Tanasescu’s comments are a “treasure trove” of insights on what happened. To begin with, at a time when it appears the term USLAC had yet to appear in the press, he gave both the acronym’s extension and its relationship to the Fifth Directorate. Second, the identity of those caught and suspected as “terrorists” is known by a high-ranking Fifth Directorate official and Securitate Director General Vlad. Third, we see a problem that lay at the heart of madness: with the Securitate having “sided” with the Revolution, the fox was in the hen-house, so-to-speak. Finally, Tanasescu’s blunt effort to cut off discussion about foreign involvement during the Revolution suggests someone who knew just what a sensitive question this was.
The next time we appear to find any discussion of the term USLAC in the Romanian press is 1991—and past the republication of the 1991 comments, the term has essentially disappeared from the lexicon of the Revolution…and with it any questions that it might provoke. Dan Badea summarized USLA Captain Marian Romanescu’s explanation of the USLAC. Given all the details we have seen in the many quotes from participants in the events—the discussion of black jumpsuits and of Arabs—as well as the admissions of former Securitate officer Vasilievici and the former USLA recruit, much of this should sound remarkably familiar…
“The USLAC Commandos: Those who had and have knowledge about the existence and activities of the shock troops subordinated directly to Ceausescu remained quiet and continue to do so out of fear or out of calculation. Much has been said about individuals in black jumpsuits (emphasis added), with tattoos on their left hand and chest, mercenary fanatics who acted at night, killing with precision and withdrawing when they were encircled to the underground tunnels of Bucharest. Much was said, then nobody said anything, as if nothing had ever happened. Overlapping the Fifth Directorate and the USLA, the USLAC commandos were made up of individuals who ‘worked’ undercover in different places. Many were foreign students, doctors and thugs committed with heart and soul to the dictator. Many were Arabs who knew with precision the nooks and crannies of Bucharest, Brasov and other towns in Romania. (emphasis in original).”
It is noteworthy in this context that in 1994, Army General Dan Ioan specified before the Senatorial Commission investigating the December events, that among those (some armed) civilian suspects arrested as terrorists, “verified more carefully, some of them had something to do with the M.I. [Interior Ministry, i.e. Securitate based on his earlier discussion].”
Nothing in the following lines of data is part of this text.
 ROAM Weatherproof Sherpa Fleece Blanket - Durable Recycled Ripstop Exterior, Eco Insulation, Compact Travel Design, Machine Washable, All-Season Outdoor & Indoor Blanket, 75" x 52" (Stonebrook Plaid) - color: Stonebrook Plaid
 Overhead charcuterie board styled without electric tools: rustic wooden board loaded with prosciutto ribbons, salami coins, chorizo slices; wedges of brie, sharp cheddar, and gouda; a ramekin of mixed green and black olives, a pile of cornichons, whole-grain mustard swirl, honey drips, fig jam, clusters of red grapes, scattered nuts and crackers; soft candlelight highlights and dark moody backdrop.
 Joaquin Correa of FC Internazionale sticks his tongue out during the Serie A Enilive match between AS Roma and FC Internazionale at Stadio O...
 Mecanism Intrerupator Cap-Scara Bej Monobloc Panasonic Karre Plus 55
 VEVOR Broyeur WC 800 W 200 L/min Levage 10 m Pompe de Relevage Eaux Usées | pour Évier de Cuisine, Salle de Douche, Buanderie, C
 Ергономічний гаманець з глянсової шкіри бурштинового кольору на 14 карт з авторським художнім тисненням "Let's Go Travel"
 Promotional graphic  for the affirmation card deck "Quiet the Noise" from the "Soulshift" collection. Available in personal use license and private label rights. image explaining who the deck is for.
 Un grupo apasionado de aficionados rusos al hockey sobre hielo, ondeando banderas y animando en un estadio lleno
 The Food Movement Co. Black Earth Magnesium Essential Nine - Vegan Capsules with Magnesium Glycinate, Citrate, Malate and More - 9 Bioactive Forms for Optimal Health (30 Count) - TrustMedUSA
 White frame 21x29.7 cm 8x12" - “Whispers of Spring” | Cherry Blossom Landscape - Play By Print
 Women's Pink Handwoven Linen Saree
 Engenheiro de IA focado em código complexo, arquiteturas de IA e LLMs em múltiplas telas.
The discussion of the USLAC as traversing Directorate V-a and the USLA—taken against the backdrop of what Tanasescu reported was the “Directorate V-a USLAC” identity card on the terrorist he arrested—sheds light on the often confusing admixture of Directorate V-a and the USLA in many descriptions. Indeed, here we are reminded of some of the reporting from the time of the Revolution itself: on 30 December 1989, for example, Blaine Harden of The Washington Post wrote about suspicions that the “terrorists” wearing “black jumpsuits”—“Securitate commandos” were members of the Fifth Directorate. He may therefore have been describing the USLAC.
 Sergiu Tanasescu, interview by Ion K. Ion, “Dinca si Postelnicu au fost prinsi de pantera roz!” Cuvintul, no. 8-9, 28 March 1990, 15.
 Former USLA Captain Marian Romanescu, with Dan Badea, “USLA, Bula Moise, teroristii si ‘Fratii Musulmani’,” Expres (2-8 July 1991), p. 8.
 Dan Ioan cited in Urdareanu, 1989—Martor si Participant, 1996, p. 138.
 Blaine Harden, “Doors Unlocked on Romania’s Secret Police,” The Washington Post, 30 December 1989 p. A1; A14.